Start of DATA SECTION
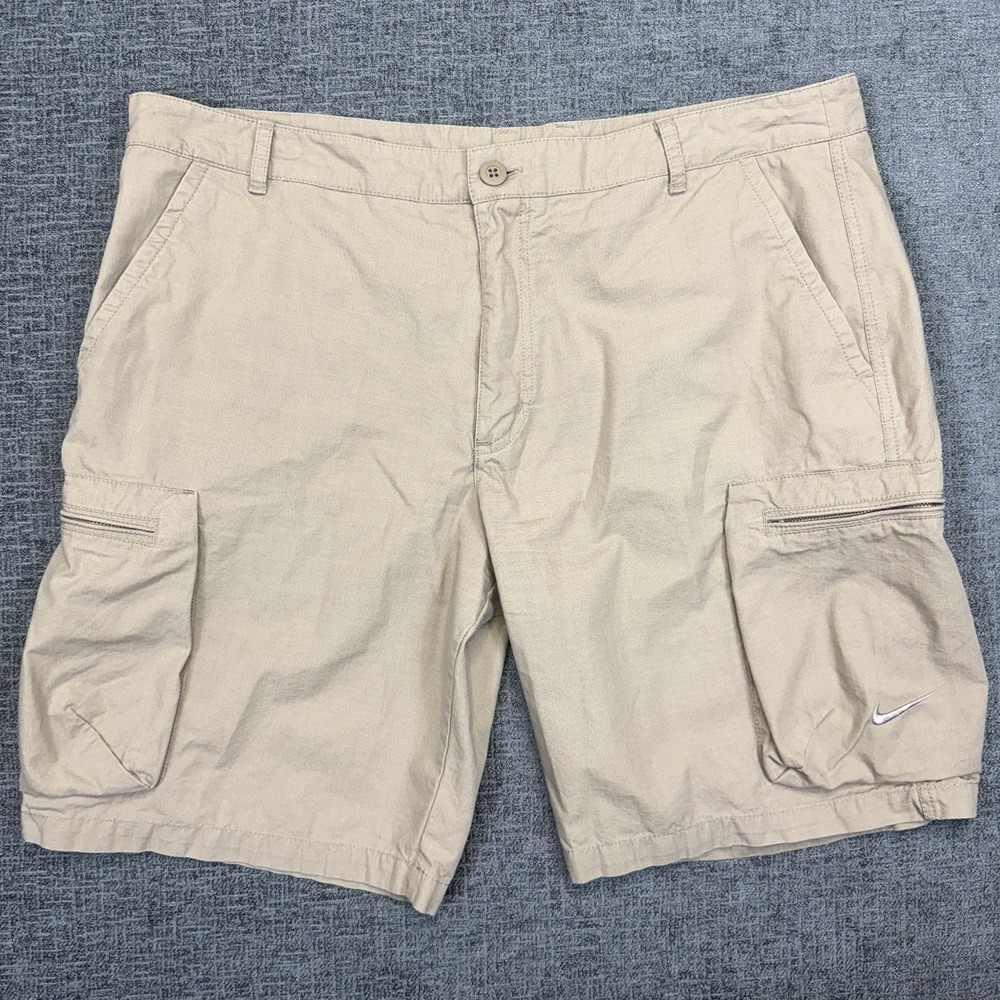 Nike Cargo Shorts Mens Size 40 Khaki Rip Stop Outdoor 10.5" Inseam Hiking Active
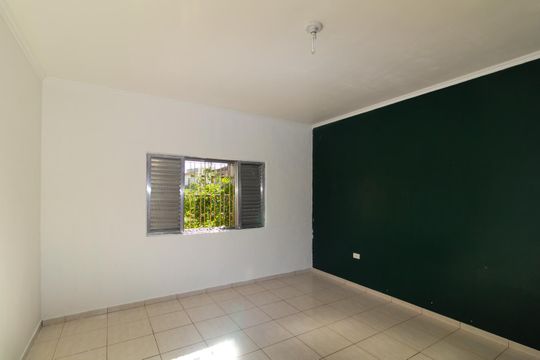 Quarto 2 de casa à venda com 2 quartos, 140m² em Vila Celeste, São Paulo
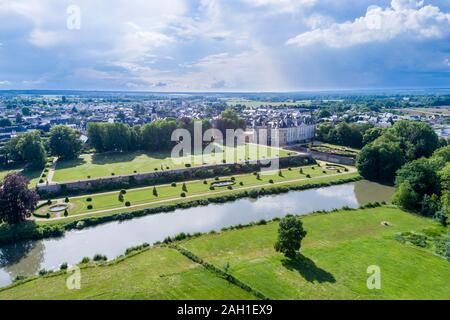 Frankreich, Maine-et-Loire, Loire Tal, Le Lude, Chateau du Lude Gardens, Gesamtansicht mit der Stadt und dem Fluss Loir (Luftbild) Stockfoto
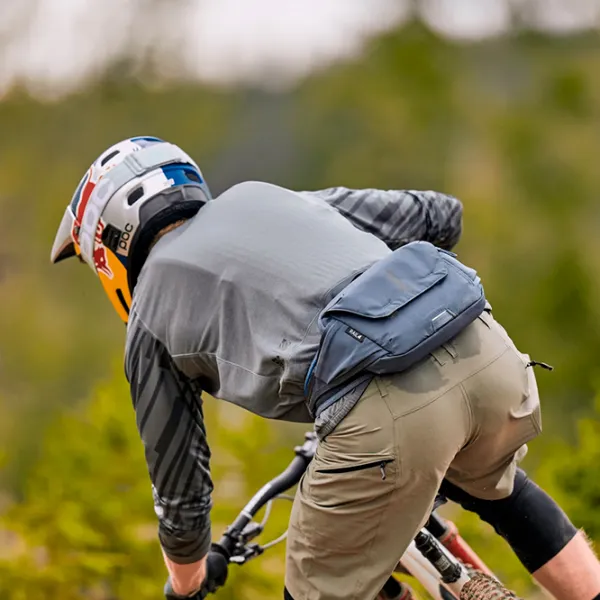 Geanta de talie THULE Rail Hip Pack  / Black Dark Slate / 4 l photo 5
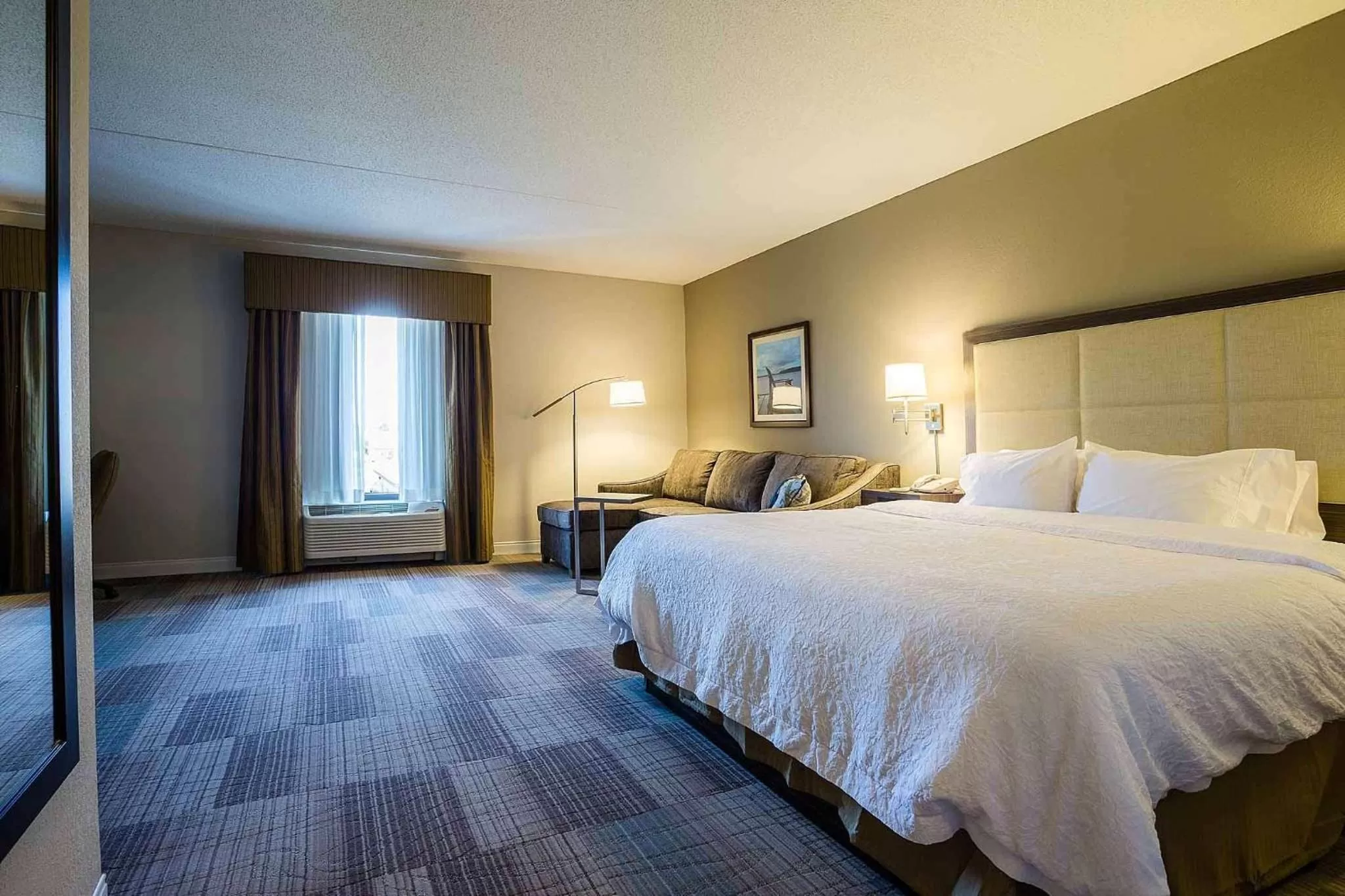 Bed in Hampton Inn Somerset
End of DATA SECTION
Start of DATA SECTION
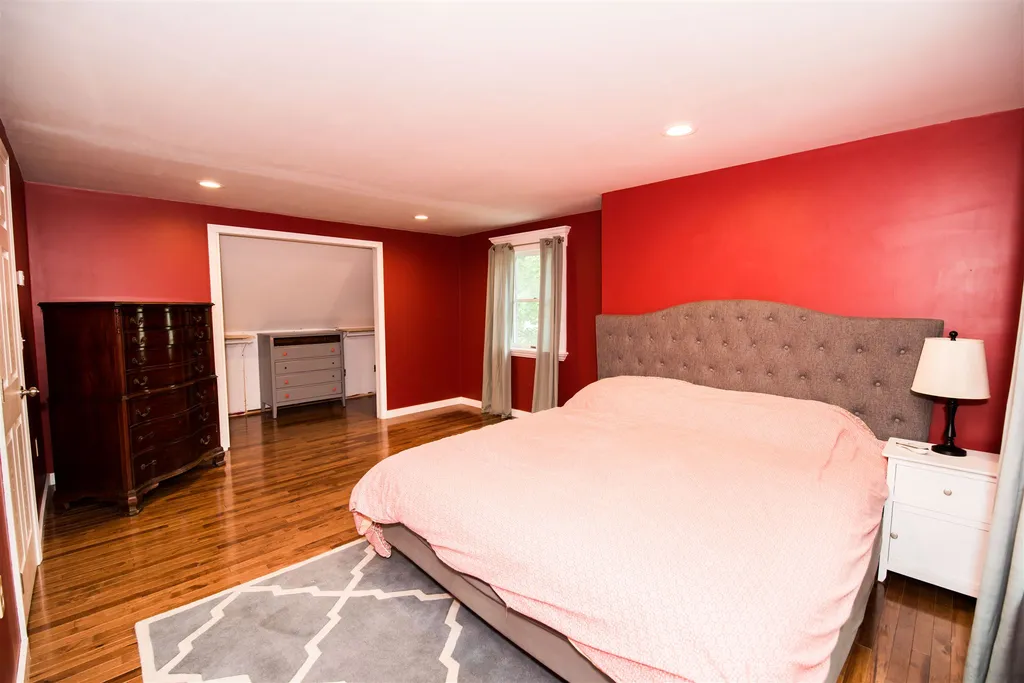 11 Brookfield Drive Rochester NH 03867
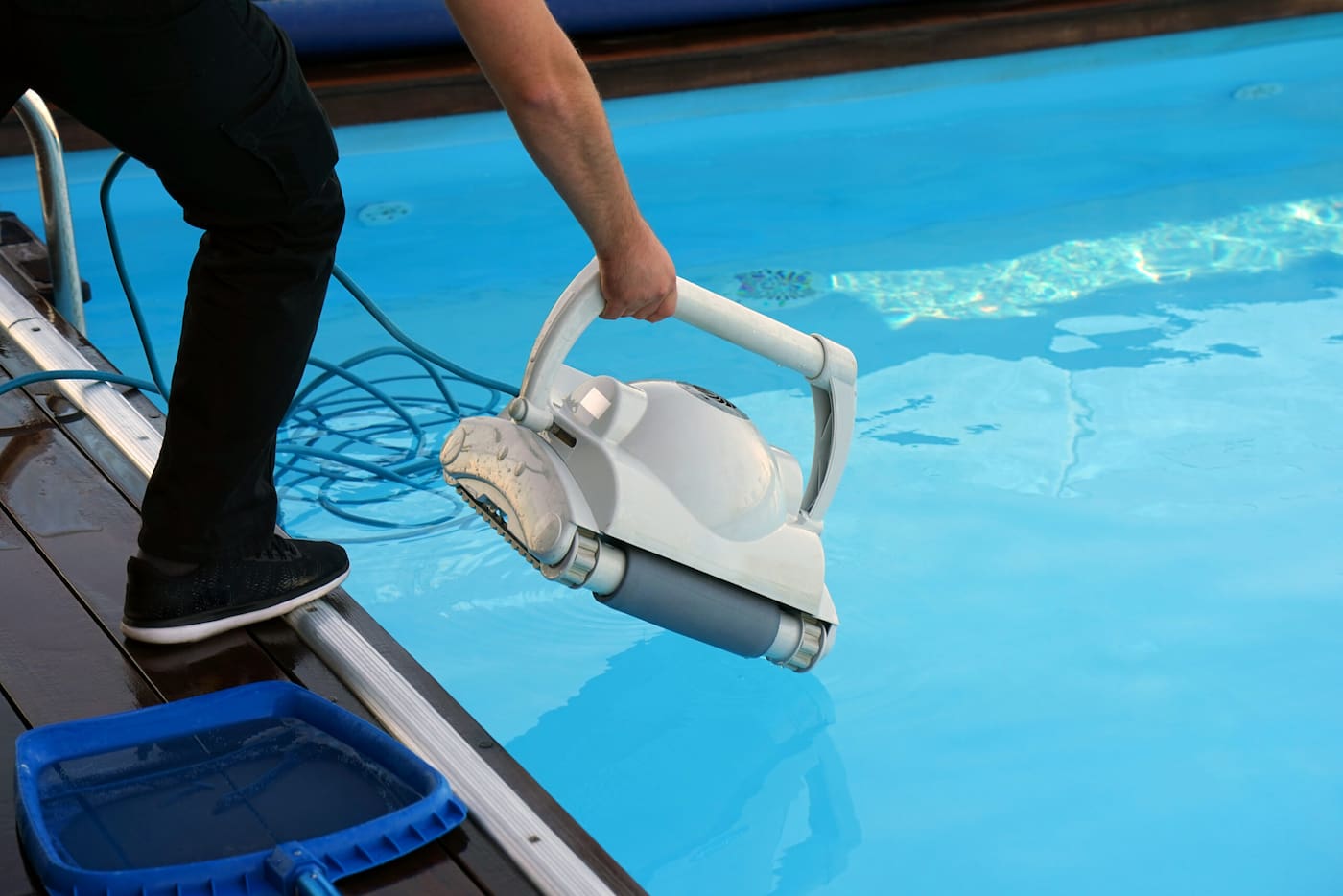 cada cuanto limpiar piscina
End of DATA SECTION
Start of DATA SECTION
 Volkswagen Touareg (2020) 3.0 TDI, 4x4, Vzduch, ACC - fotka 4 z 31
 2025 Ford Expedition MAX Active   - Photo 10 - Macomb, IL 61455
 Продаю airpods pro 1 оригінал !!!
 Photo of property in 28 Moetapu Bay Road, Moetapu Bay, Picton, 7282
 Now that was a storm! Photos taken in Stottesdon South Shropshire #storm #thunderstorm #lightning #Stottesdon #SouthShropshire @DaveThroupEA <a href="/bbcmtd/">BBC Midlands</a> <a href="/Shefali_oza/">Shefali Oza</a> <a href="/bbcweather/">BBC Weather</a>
End of DATA SECTION
WHAT NEEDS TO BE DONE
Return exactly the part of the listing above that opens with the line containing "Frankreich, Maine-et-Loire, Loire" and closes with the line containing "Bed in Hampton Inn Somerset". Pictures stay out.

ANSWER AREA
 Frankreich, Maine-et-Loire, Loire Tal, Le Lude, Chateau du Lude Gardens, Gesamtansicht mit der Stadt und dem Fluss Loir (Luftbild) Stockfoto
 Geanta de talie THULE Rail Hip Pack  / Black Dark Slate / 4 l photo 5
 Bed in Hampton Inn Somerset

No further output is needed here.